• Work instruction
Copy exactly the lines of the data below, beginning with the line with "Volvo Fh 460, снимка 1 - Камиони - 48018589" and ending with the line with "新築戸建　茅ヶ崎市円蔵の収納". Pictures are to be omitted.

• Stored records
<<<<

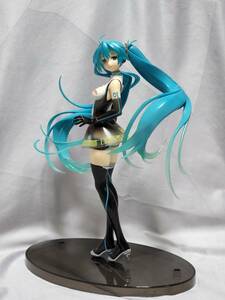 [ used with special circumstances ] racing Miku 2011ver. figure details unknown breaking the seal present condition goods 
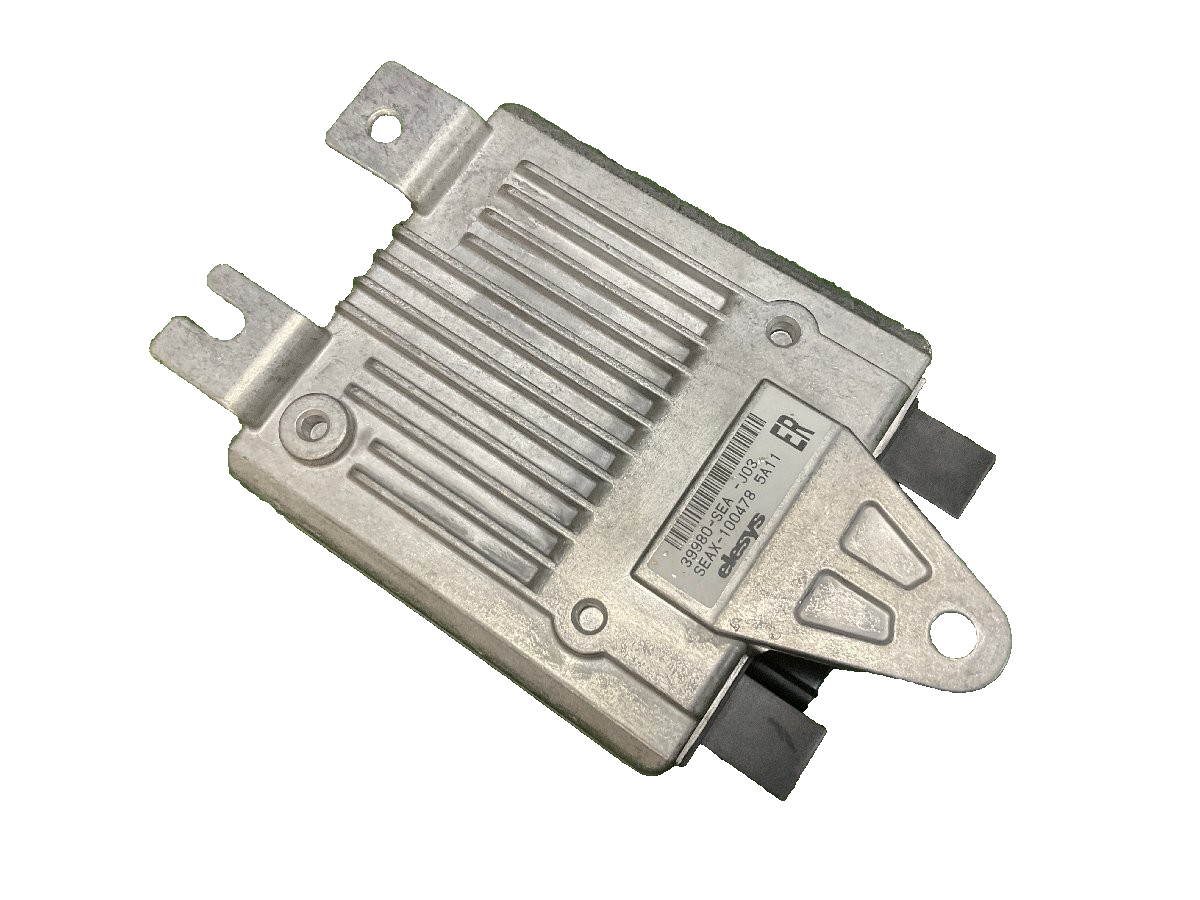 Honda Accord CL7 OEM Power Steering Computer 39980-SEA-J01 Control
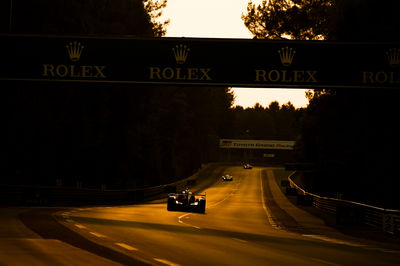 Evening at Le Mans 2025 | XPB Images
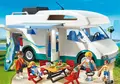 Playmobil campingbil
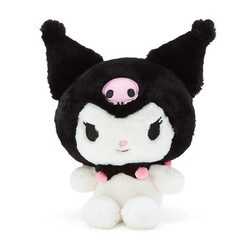 サンリオキャラクターズ ぬいぐるみ Mサイズ スタンダード クロミ [キャラクターグッズ]
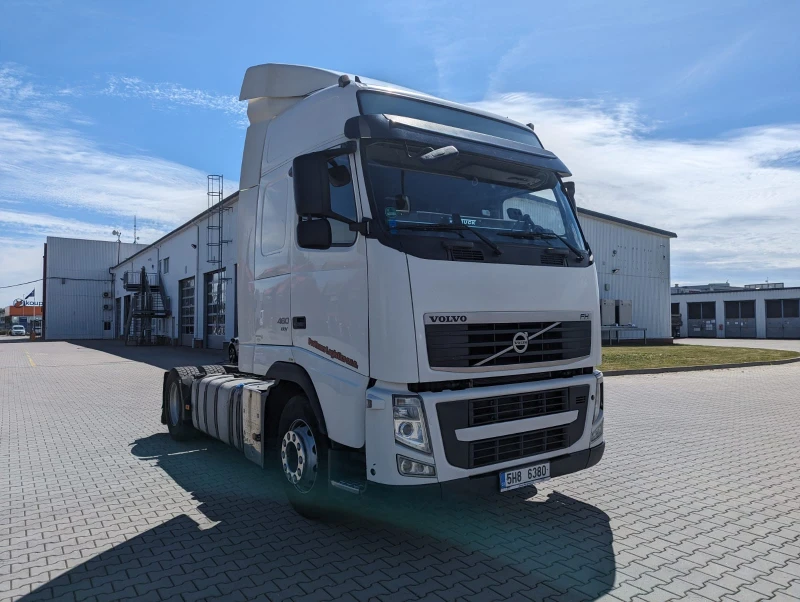 Volvo Fh 460, снимка 1 - Камиони - 48018589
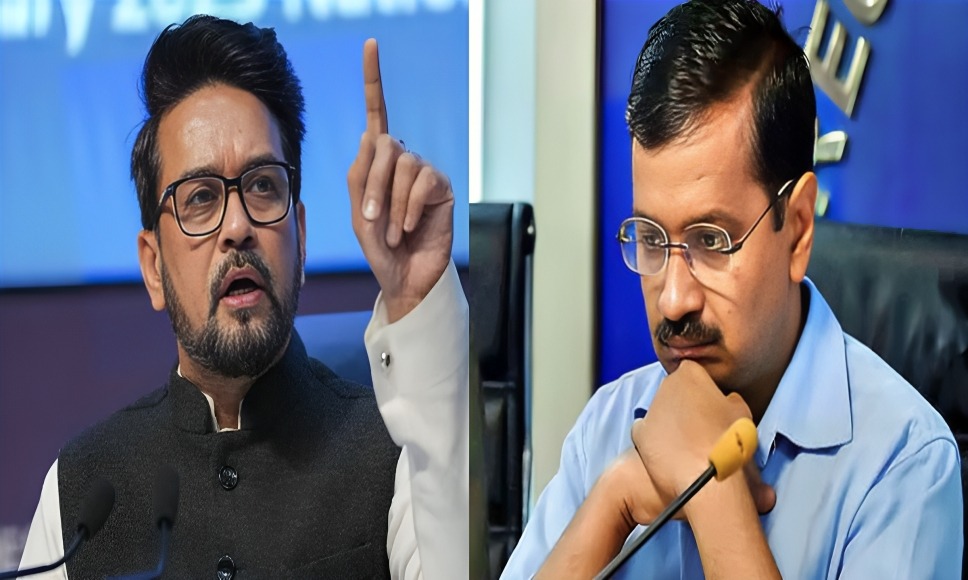 ‘Aisa Koi Bacha Nahi Jisko Arvind Kejriwal Ki Party Ne Thaga Nahi’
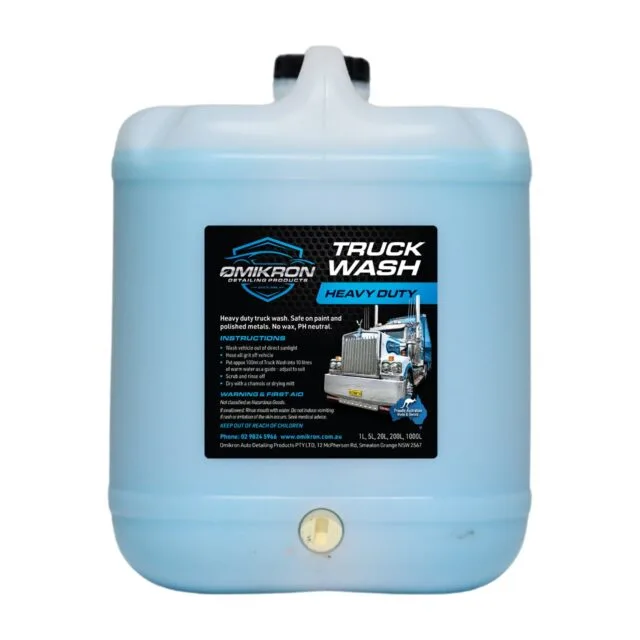 TRUCK WASH 20L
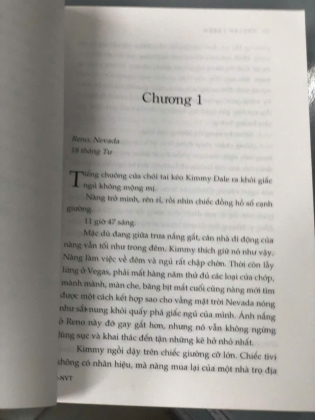 NGƯỜI VÔ TỘI -  HARLAN COBEN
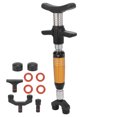 thumbnail image 4 of Chiropractic Adjustment Tool, Spine Adjusting Tool Stainless Steel Ergonomic Handheld With Function Head For Thoracic Syndrome Gold, 4 of 8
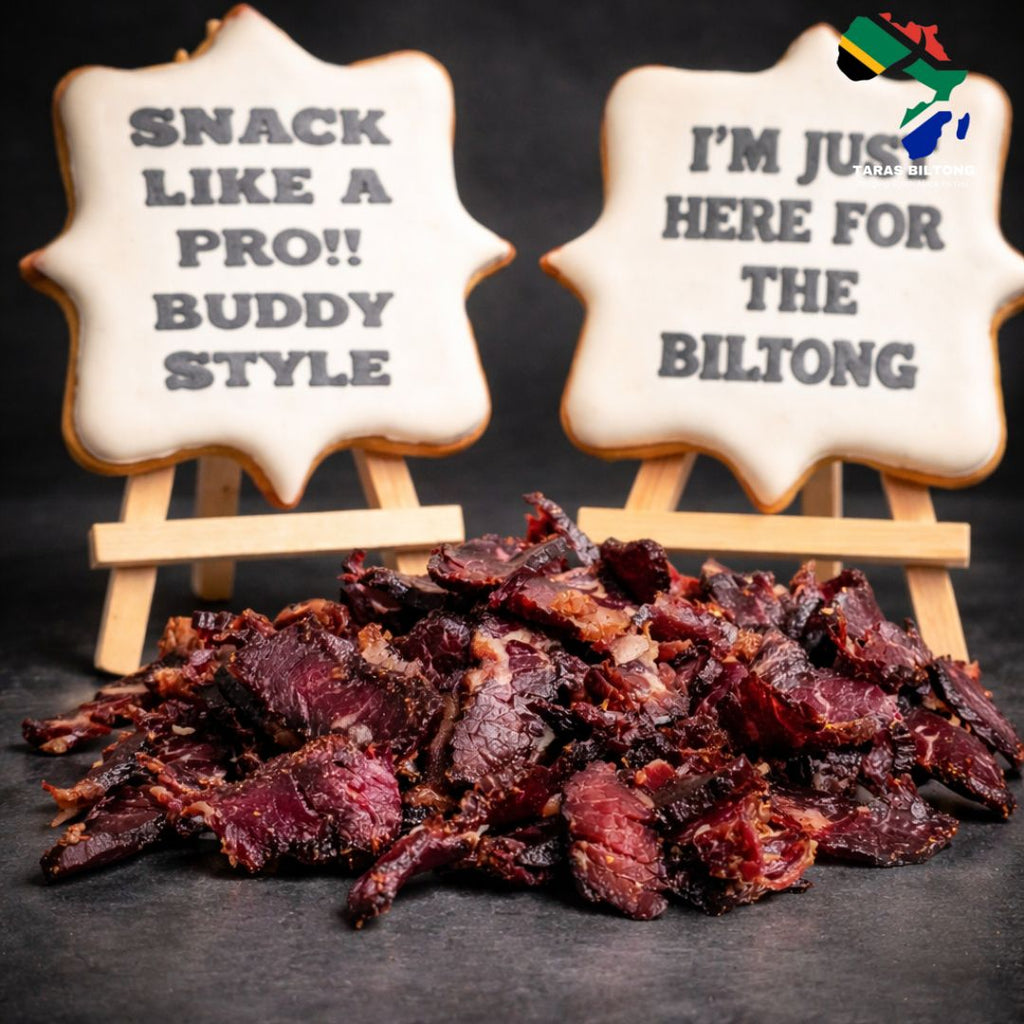 Flippen Lekker Biltong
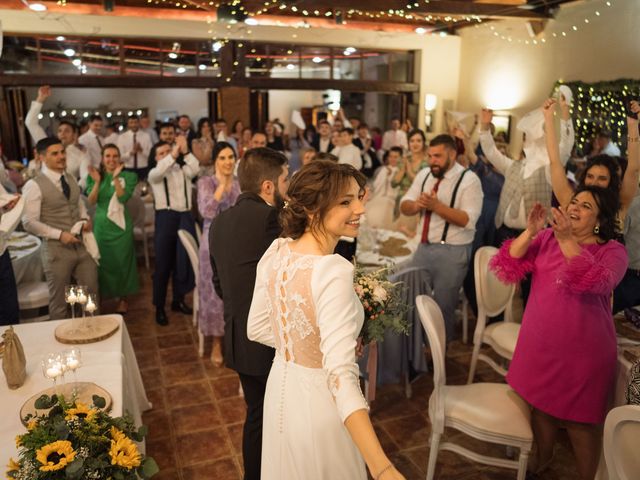 La boda de Julio y Lucia en Cuenca, Cuenca 18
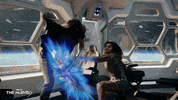 Captain Marvel Marvels GIF by Marvel Studios
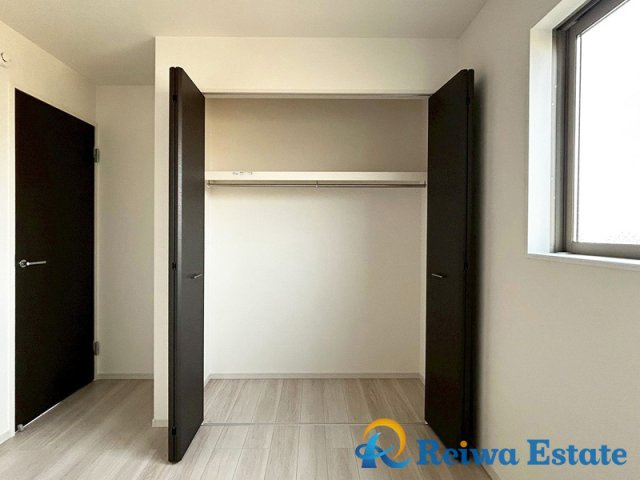 新築戸建　茅ヶ崎市円蔵の収納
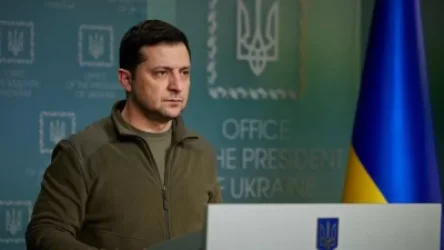 ՌԴ-ի հետ բանակցությունները բացառված են. Զելենսկին հայտարարել է՝ իրենք կորոշեն, թե ինչպես վերադարձնեն Ղրիմը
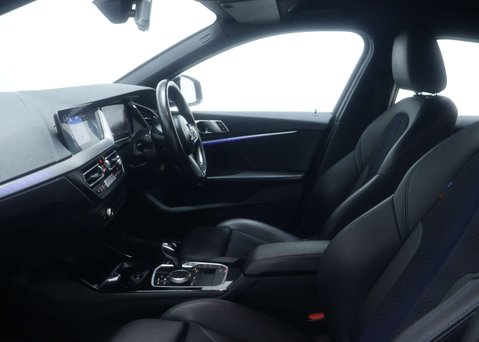 BMW 1 Series 1.5 118I M Sport Auto 5dr 52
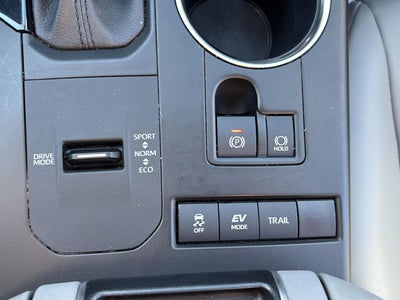 2020 Toyota Highlander Hybrid XLE
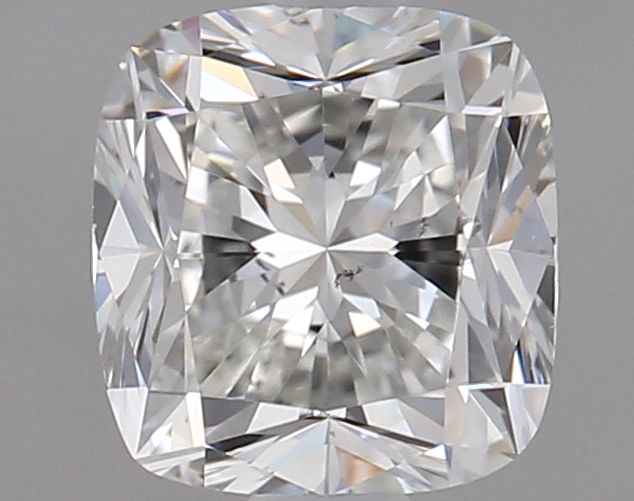 Diamond Natural 1Ct G-VS2 Cushion - GIA7416572582
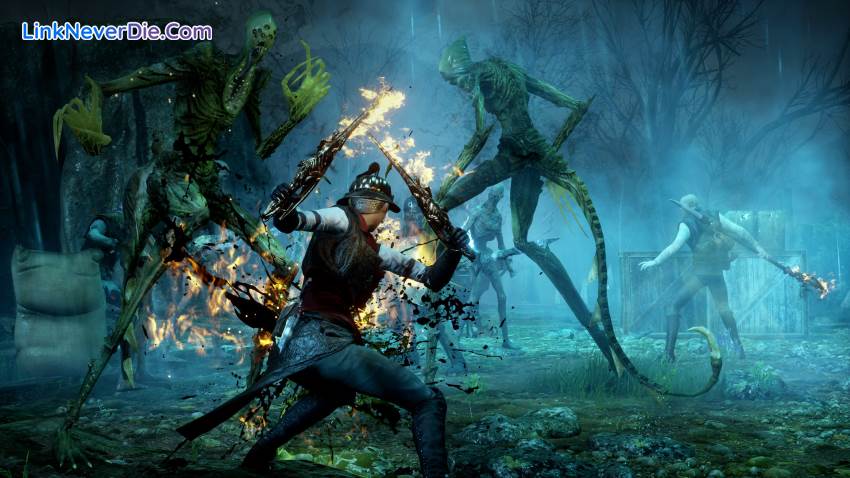 Hình ảnh trong game Dragon Age Inquisition (screenshot) Hình ảnh trong game Dragon Age Inquisition (screenshot)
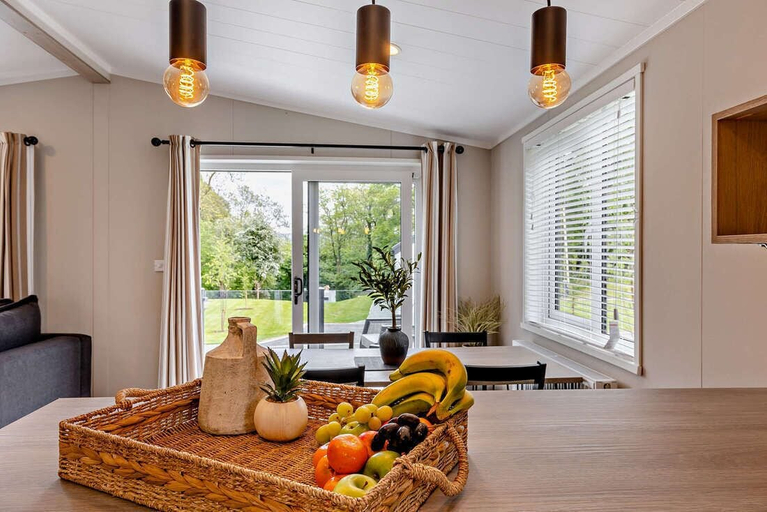Dining 3, Landal Bryn Morfydd, Denbighshire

>>>>

• Task result
 Volvo Fh 460, снимка 1 - Камиони - 48018589
 ‘Aisa Koi Bacha Nahi Jisko Arvind Kejriwal Ki Party Ne Thaga Nahi’
 TRUCK WASH 20L
 NGƯỜI VÔ TỘI -  HARLAN COBEN
 thumbnail image 4 of Chiropractic Adjustment Tool, Spine Adjusting Tool Stainless Steel Ergonomic Handheld With Function Head For Thoracic Syndrome Gold, 4 of 8
 Flippen Lekker Biltong
 La boda de Julio y Lucia en Cuenca, Cuenca 18
 Captain Marvel Marvels GIF by Marvel Studios
 新築戸建　茅ヶ崎市円蔵の収納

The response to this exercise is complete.